ヒカリとシンジはとぼとぼと、研究室を後にした。

その時だった。

 

 

「待てッ!!!」

 

 

シンジは振り向いた。

 

 

「…赤木ナオコという女を当たれ、ヤツは俺よりも君の父と長く接していた。ヤツは俺より全てを知っている。誰が黒幕なのかも、ヤツなら知っている。」

 

 

冬月は力なくそう言った。

シンジは、小さく再び「ありがとう」というと、その場をあとにした。

そして、二人は大学をあとにした。

電車に乗り、元の駅に戻っていった。

 

 

電車から降りると…。

周囲はすっかり暗くなっていた。

 

 

 

「うわあ、こんな時間だね。

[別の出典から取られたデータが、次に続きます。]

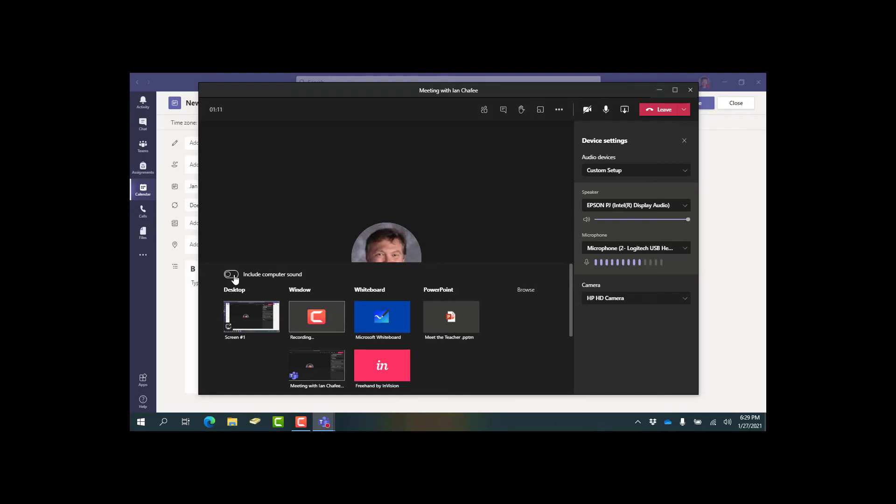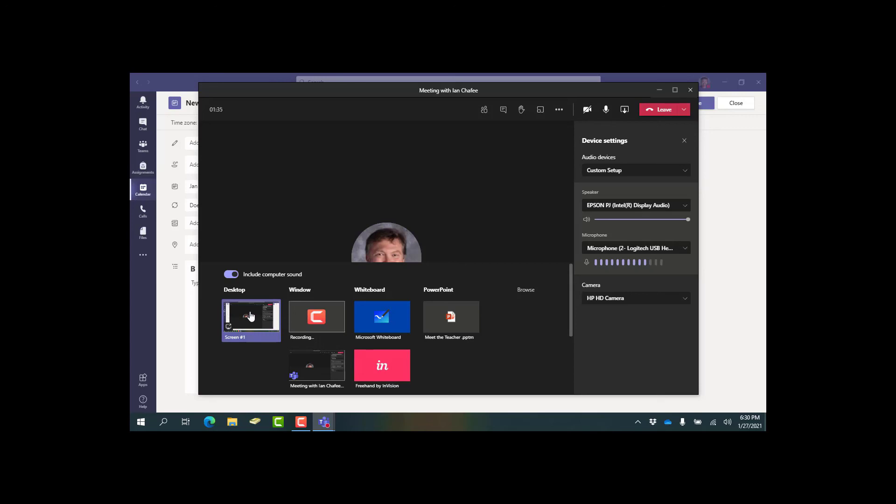Then if you're going to be sharing your screen, when you go to share your screen you want to make sure that it says include computer sound. That way when you're playing a video or you're doing some activity on your screen, the kids at home that you're sharing your screen to will hear your computer sounds. So those are the three things you want to do to make sure that the kids in your classroom can hear what's going on your computer over the speakers, and also the kids who are watching at home can hear what's going on over your speakers.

」

「ごめんね、ヒカリちゃんこんなことに巻き込んで…。」

「いいのよ、私嬉しいから。碇君のこと知れて。もっともっと碇君とそばにいたい。あらし、それ幸せだから。」

 

 

ヒカリは思わず言った。

その時だった。

シンジは月明りにふけるヒカリを観て、心が癒された。

そして、彼女の手を取ると、唇を奪った。

 

 

 

「・・・・・・っ!!!!」

 

 

 

シンジは首を横に振った。

激しくキスをした。

ヒカリはおもわず、されるがままだった。

シンジはヒカリの口から離れると言った。

 

 

 

「キミだけは守る。」

「碇君…!」

「…ヒカリちゃん。」

「私、私…実は今日家に誰もいないの。妹とお姉ちゃんはおばさんの家に行って。私、実は…。」

 

 

シンジはニヤリと笑った。

ヒカリはその微笑みに思わずドキドキと胸が高鳴っていった。

 

 

 

 

 

 

 

その夜だった。

碇シンジに全てを話した冬月。

まるで抜け殻のように放心状態になっていった。

 

 

ドアが開いた。

 

 

 

「…お前か、私を殺したいなら殺すがいい。もう好きにしろ。だが約束しろ。あの少年には手を出すな!!!!」

 

 

 

男はサイレンサーをつけた銃を向けた。

男は薄笑いを浮かべると聞いてきた。

 

 

 

「先生、一つだけ聞いておこう。月夜の夜に悪魔と踊ったことはあるか?」

「ない!」

 

 

パァン!

 

 

銃声は響いた。

冬月だったそれは、惚けなく倒れた。

血は流れていった。

川のように。

 

 

 

その中を男は鼻歌を歌いながら、歩いていったのだった。